Dirty entity identification.

Fri Jul 22 12:14:20 EDT 2005

On Fri, 2005-07-22 at 09:10 +0100, Neil Williams wrote:
> On Friday 22 July 2005 1:01 am, you wrote:
> > You clearly haven't understood my statements.  I don't want to have to
> > run the list of collections each time I ask if the book is dirty.
> > That's too much work.
> 
> It's not. At no time do you iterate through the entire collections to do this. 
> The code does iterate over the tiny number of primary collections but that 
> takes no time at all.

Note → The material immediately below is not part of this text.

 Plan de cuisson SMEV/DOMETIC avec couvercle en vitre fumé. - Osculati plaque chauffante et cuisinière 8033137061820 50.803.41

It takes longer to call the function itself than it 
> does to check 12 or so boolean pointers, especially once that function is in 
> a shared library.

Really?  My way.  Load the function argument (1) and function address
(2), call the is_dirty subroutine (1), load the structure offset (1),
read the value (1), return (1).  Depeneding on whether or not a stack
frame is needed add another 3 instructions.  7 to 10 total instructions.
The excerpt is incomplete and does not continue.